NAAWAN, Misamis Oriental (MindaNews / 05 October) – The United Nations Educational, Scientific and Cultural Organization (UNESCO), the United Nations agency that promotes world peace and security through international cooperation in education, arts, sciences, and culture has declared October 4, 2024, as World Teachers’ Day.

This year’s World Teachers’ Day theme is “Valuing teacher voices: Towards a new social contract for education.”

The theme emphasizes the pivotal role that teachers play in shaping the future of education, and the urgent need to incorporate their perspectives into educational policy and decision-making processes.

Indeed, teachers should be involved in matters that affect their primary responsibility and the task environment.

In the Philippines, school teachers perform functions in addition to their teaching responsibilities. They assist government agencies in the implementation of health and nutrition, and community sanitation programs. They function as well as clerks and canvassers during elections and carry out other responsibilities that the government may mandate.

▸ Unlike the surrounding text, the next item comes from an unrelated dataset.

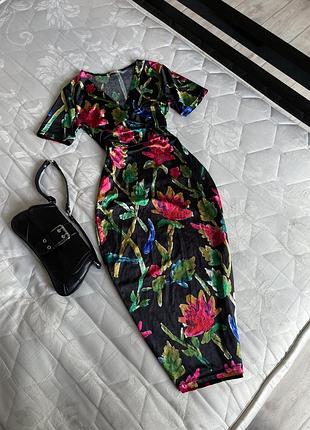 Сукня zara бархат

Traditionally, teachers are at the bottom of the pyramid of the educational system. They have no say in how a school is run, the contents of the curriculum, the teaching load, or the teaching materials to use. Everything is decided at the top, including even their uniform.

It is high time that policymakers listen to teachers on matters that affect their professional lives and work, including issues and concerns that affect them personally, salaries, overload, overtime, and leaves – vacation, health, maternity, and emergencies.

As of 2022, teachers number 1,085,772 constituting 76 percent of all 1,435,593 filled civilian positions in government, according to the Department of Budget and Management.

Vladimer Quetua, the chairperson of the Alliance of Concerned Teachers, said that the gross monthly salaries of all civilian government workers occupying positions with salary grades one to 13 range from P13,000 to P33,591 — which fall below the current daily living wage level of P1,146 or P34,380 monthly.

Included here, Quetua said, are 92 percent of public school teachers who receive “unlivable salaries” despite their professional status.

“The situation calls for the urgent passing of a new law that will significantly increase the pay of low-salaried government workers and set the minimum wage in the public sector at livable levels,” Quetua explained.

With the consistently soaring inflation rate, the group said that salary-grade 1 employees deserve to receive a minimum salary of P50,000 monthly to afford the necessities for their families. ACT Party list proposes a bill raising teachers’ starting salaries to that level.

Teachers play the defining role of molding the young into responsible citizens of the land. They are crucial in nation building and development. We need them; they should be assured decent compensation to live decent lives.

Giving attractive pay is necessary to stem the flood of teachers leaving the country for employment abroad.

The time is now.

(MindaViews is the opinion section of MindaNews. William R. Adan, Ph.D., is retired professor and former chancellor of Mindanao State University at Naawan, Misamis Oriental.)